I am solving some calculus exercises, and encountered one which put me into a confusion. It requires to:
determine how many solutions the system has
provide geometrical interpretation of each solution as plane in space for any k
determine number of solutions for system if k is such that second plane passes through point Q=(1, 1, 1).
The system itself is:
x-4y+3z=0
2x-7y+kz=2
3y-6z=-3
By applying Cramer's rule I have found:
dX/D = (12k-93)/(-3k+12) dY/D = (-30+3k)/(-3k+12) dZ/D = (-9)/(-3k+12)
And after that I don't really understand how to proceed. I have tried to find value of k for every equation and then perform division (e.g. for dZ/D is -9/4=2,25), but I think this is a wrong strategy, which doesn't bring me to anything.
I would be grateful for couple of hints on how to proceed with solution.
P.S. sorry for messiness, didn't figure out how to use MathJax yet.
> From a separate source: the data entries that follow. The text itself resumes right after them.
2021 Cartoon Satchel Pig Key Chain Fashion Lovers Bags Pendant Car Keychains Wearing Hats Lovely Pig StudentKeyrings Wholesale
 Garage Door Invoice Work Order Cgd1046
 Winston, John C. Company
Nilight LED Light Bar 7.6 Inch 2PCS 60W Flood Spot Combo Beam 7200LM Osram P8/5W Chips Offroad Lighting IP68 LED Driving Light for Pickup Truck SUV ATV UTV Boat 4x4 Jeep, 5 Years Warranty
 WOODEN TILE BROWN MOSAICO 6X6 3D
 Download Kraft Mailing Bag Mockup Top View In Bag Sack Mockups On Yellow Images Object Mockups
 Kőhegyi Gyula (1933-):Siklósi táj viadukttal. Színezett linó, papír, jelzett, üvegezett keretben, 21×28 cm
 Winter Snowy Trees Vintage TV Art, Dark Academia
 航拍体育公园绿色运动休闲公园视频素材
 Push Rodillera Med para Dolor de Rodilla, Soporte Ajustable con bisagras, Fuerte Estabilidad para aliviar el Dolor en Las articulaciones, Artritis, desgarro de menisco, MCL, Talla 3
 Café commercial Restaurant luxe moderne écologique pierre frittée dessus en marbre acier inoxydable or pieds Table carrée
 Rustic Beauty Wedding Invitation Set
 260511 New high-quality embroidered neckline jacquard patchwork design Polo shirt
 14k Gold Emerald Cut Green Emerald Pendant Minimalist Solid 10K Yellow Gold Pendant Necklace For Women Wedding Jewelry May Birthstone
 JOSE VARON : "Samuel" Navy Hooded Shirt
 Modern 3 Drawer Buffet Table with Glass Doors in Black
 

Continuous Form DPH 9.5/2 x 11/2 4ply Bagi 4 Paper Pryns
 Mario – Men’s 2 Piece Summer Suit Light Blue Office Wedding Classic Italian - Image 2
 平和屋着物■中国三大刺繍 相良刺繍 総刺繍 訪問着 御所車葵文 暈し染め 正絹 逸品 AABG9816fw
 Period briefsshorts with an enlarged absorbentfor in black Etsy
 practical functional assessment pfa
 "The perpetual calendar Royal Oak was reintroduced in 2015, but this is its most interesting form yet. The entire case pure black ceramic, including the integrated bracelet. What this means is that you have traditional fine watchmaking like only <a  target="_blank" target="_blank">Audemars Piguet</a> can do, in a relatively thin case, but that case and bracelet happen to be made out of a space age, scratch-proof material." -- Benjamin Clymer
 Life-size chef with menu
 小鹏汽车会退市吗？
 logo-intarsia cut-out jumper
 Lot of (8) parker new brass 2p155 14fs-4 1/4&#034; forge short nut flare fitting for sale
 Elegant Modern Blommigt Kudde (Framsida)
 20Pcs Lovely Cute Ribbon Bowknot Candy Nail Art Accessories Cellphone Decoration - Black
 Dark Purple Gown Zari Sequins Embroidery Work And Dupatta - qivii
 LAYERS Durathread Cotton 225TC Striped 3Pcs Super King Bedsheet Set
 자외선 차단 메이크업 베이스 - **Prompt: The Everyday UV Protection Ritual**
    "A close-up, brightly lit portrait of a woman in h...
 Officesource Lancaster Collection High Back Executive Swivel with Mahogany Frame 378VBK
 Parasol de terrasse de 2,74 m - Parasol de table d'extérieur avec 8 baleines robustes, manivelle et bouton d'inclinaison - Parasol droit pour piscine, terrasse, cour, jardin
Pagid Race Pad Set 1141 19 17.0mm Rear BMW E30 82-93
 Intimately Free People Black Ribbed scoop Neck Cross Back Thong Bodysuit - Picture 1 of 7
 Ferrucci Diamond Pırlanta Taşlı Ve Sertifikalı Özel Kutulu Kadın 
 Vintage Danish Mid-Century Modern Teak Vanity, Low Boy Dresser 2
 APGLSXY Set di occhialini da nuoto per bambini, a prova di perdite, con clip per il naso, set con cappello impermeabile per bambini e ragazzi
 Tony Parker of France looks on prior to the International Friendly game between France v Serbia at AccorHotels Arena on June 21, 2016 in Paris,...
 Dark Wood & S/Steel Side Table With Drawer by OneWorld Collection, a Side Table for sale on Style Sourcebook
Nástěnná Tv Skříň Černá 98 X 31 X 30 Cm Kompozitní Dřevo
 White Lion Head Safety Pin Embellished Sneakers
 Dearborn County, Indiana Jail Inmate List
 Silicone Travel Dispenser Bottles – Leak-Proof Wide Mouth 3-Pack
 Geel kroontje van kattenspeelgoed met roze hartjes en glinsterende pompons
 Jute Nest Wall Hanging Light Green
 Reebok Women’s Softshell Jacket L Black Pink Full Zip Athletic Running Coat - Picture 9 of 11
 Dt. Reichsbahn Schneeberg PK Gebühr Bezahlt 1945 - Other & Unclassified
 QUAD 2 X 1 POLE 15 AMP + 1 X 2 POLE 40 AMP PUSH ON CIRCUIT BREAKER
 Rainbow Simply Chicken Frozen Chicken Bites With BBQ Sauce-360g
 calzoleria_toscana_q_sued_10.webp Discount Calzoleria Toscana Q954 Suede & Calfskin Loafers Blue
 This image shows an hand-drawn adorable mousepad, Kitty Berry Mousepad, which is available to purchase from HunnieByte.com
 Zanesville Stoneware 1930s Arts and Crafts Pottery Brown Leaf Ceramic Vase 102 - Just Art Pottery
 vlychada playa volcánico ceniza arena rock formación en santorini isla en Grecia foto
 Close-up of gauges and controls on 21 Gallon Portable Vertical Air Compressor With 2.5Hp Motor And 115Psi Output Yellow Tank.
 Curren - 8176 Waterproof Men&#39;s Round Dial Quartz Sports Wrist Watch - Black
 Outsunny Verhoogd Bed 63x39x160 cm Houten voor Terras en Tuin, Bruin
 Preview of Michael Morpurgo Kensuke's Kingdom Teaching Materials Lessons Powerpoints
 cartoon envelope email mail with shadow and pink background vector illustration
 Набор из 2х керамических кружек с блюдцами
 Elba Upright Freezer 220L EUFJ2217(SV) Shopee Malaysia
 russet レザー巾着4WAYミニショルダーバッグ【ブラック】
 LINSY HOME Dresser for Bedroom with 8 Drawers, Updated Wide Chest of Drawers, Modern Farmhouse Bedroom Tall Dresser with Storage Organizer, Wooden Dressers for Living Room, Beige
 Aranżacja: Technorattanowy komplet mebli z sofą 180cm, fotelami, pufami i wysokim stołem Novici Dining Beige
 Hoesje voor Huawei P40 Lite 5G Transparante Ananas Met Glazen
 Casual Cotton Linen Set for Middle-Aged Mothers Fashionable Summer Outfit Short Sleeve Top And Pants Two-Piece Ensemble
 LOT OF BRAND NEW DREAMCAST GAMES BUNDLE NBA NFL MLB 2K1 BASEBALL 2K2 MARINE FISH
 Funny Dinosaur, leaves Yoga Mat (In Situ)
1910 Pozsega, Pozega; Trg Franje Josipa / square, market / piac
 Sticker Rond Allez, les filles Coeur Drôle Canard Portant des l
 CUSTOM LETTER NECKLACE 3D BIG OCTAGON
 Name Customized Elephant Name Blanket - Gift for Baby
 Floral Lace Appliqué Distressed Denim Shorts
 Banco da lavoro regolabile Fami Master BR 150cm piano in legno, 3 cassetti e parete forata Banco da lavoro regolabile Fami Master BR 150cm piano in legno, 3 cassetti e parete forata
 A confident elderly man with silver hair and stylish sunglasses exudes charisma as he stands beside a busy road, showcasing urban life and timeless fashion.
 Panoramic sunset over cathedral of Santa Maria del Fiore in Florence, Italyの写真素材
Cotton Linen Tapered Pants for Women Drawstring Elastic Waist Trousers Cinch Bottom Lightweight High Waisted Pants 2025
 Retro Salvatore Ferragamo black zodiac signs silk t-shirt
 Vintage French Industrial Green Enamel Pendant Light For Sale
The first thing I note is that the third equation, 3y- 6z= -3 doesn't involve x (and can be more simply written as y- 2z= -1) so I would eliminate x from the other two equations, x- 4y+ 3z= 0 and 2x+ 7y+ kz= 2 (you have "+kx" but I assume that was a typo). Of course x= 4y- 4z so 2(4y- 4z)+ 7y+ kz= 15y- (8- k)z= 2. Since y= 2z- 1, that is 30z- 15- (8- k)z= (22- k)z- 15= 2 and then z= 17/(22- k). If k is not 22, there is a single solution. If k= 22 there are NO solutions.